Detecting and investigating issues that are somehow hidden within the huge amount of documents is a difficult task, especially if you don’t know what to look for beforehand. For example, a glitch in one of our own algorithms can lead to a sharp increase (or decrease) in the number of anomalies our system discovers and alerts on for our customers. To minimize the possible damage this kind of a glitch could cause to our customers, we query the data we store in Elasticsearch to create metrics which we then feed into our own anomaly detection system, as seen in the illustration below. This allows us to find anomalies in our own data so we can quickly fix any glitches and keep our system running smoothly for our customers.

elasticsearch anomaly detection

Harnessing Elasticsearch for Anomaly Detection

We have found that using our own anomaly detection system to find anomalies, alert in real time and correlate events using data queried from Elasticsearch or other backend systems is ridiculously easy and highly effective, and can be applied to pretty much any data stored in Elasticsearch. Many of our customers have also found it convenient and simple to store data on Elasticsearch and query it for anomaly detection by Anodot, where it is then correlated with data from additional sources like Google Analytics, BigQuery, Redshift and more.

Elasticsearch recently released an anomaly detection solution, which is a basic tool for anyone storing data in Elasticsearch. However, as seen in the diagram above, it is so simple to integrate data from Elasticsearch into Anodot together with all of your other data sources, for the added benefit that Anodot’s robust solution discovers multivariate anomalies, correlating data from multiple sources.

Here is how it works:   

Collecting The Documents: Elasticsearch Speaks the Anodot language

The first thing that needs to be done is to transform the Elasticsearch documents to Anodot metrics. This is typically done in two ways:

  1. Using Elasticsearch Aggregations to pull aggregated statistics including:
      • Stats aggregation – max, min, count, avg, sum
      • Percentile aggregation – 1,5,25,50,75,95,99
      • Histogram – custom interval
  2. Fetch “raw” documents right out of Elasticsearch, and build metrics externally using other aggregation tools (either custom or existing tools like statsd).

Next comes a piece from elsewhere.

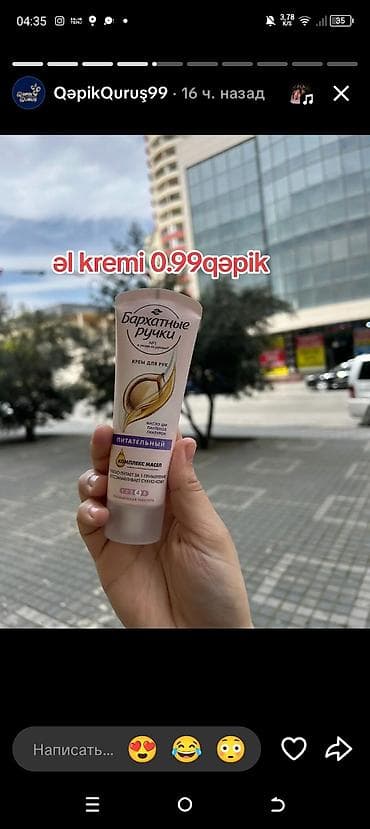 stringer alt geyimi: Kosmetik dəst, 4 məhsul — 3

We found method 1 to be easier and more reasonably priced. By using the built-in Elasticsearch aggregations, we can easily create metrics from the existing documents.

Let’s go through an example of Method A. Here, we see a document indexed in Elasticsearch describing an anomaly:

{
       “_index”: “anomaly_XXXXXXXXXXX”,
       “_type”: “anomaly_metrics”,
       “_id”: “07a858feff280da3164f53e74dd02e93”,
       “_score”: 1,
       “_ttl”: 264789,
       “_timestamp”: 1494874306761,
       “value”: 2,
       “lastNormalTime”: 1494872700,
       “timestamp”: 1494874306,
       “correlation”: 0,
       “maxBreach”: 0.2710161913271447,
       “maxBreachPercentage”: 15.674883128904089,
       “startDate”: 1494873960,
       “endDate”:,
       “state”: “open”,
       “score”: 60,
       “directionUp”: true,
       “peakValue”: 2,
       “scoreDetails”: “{“score”:0.6094059750939147,”preTransform”:0.0}”,
       “anomalyId”: “deea3f10cdc14040b65ecfc3a120b05b”,
       “duration”: 60,
       “bookmarks”: [

         ]
       }

The first step is to execute an Elasticsearch query to fetch statistics from an index which includes a “score” and a “state” field, i.e. aggregate the “score” field values to generate several statistics: percentiles, histogram (with 10 bins) and count, for all anomalies where the “state” field is “open” as seen below.

{
“size”: 0,
“query”: {
“bool”: {
“must”: [
{
“term”: {
“state”: “open”
}
}
]
}
},
“aggs”: {
“customer”: {
“terms”: {
“field”: “_index”,
“size”: 1000
},
“aggs”: {
“score_percentiles”: {
“percentiles”: {
“field”: “score”
}
},
“score_stats”: {
“stats”: {
“field”: “score”
}
},
“score_histogram”: {
“histogram”: {
“field”: “score”,
“interval”: 10,
“min_doc_count”: 0
}
}
}
}
}

This would be the response:

{
“took”: 851,
“timed_out”: false,
“_shards”: {
“total”: 5480,
“successful”: 5480,
“failed”: 0
},
“hits”: {
“total”: 271564,
“max_score”: 0,
“hits”: []
},
“aggregations”: {
“customer”: {
“doc_count_error_upper_bound”: 0,
“sum_other_doc_count”: 0,
“buckets”: [
{
“key”: “customer1”,
“doc_count”: 44427,
“score_stats”: {
“count”: 44427,
“min”: 20,
“max”: 99,
“avg”: 45.32088594773449,
“sum”: 2013471
},
“score_histogram”: {
“buckets”: [
{
“key”: 20,
“doc_count”: 10336
},
{
“key”: 30,
“doc_count”: 7736
},
{
“key”: 40,
“doc_count”: 8597
},
{
“key”: 50,
“doc_count”: 8403
},
{
“key”: 60,
“doc_count”: 4688
},
{
“key”: 70,
“doc_count”: 3112
},
{
“key”: 80,
“doc_count”: 1463
},
{
“key”: 90,
“doc_count”: 92
}
]
},
“score_percentiles”: {
“values”: {
“1.0”: 20,
“5.0”: 21,
“25.0”: 30.479651162790702,
“50.0”: 44.17210144927537,
“75.0”: 57.642458100558656,
“95.0”: 76.81333333333328,
“99.0”: 86
}
}
},

Once we receive the Elasticsearch response, we use code like the example below to transform the data into Anodot’s Graphite protocol and submit it to our open source Graphite relay (available for Docker, NPM and others).

Anodot Transforming Code:

#!/usr/bin/env ruby
require ‘graphite-api’

@CONNECTION = GraphiteAPI.new(graphite: $graphite_address)
@CONNECTION.metrics({ ” #{base}.target_type=gauge.stat=count.unit=anomaly.what=anomalies_score” => customer[‘score_stats’][‘count’],
” #{base}.target_type=gauge.stat=p95.unit=anomaly.what=anomalies_score” => customer[‘score_percentiles’][‘values’][‘95.0’],
” #{base}.target_type=gauge.stat=p99.unit=anomaly.what=anomalies_score” => customer[‘score_percentiles’][‘values’][‘99.0’]})

Anodot Graphite Protocol:

“what=anomalies_score.customer=customer1.stats=p99”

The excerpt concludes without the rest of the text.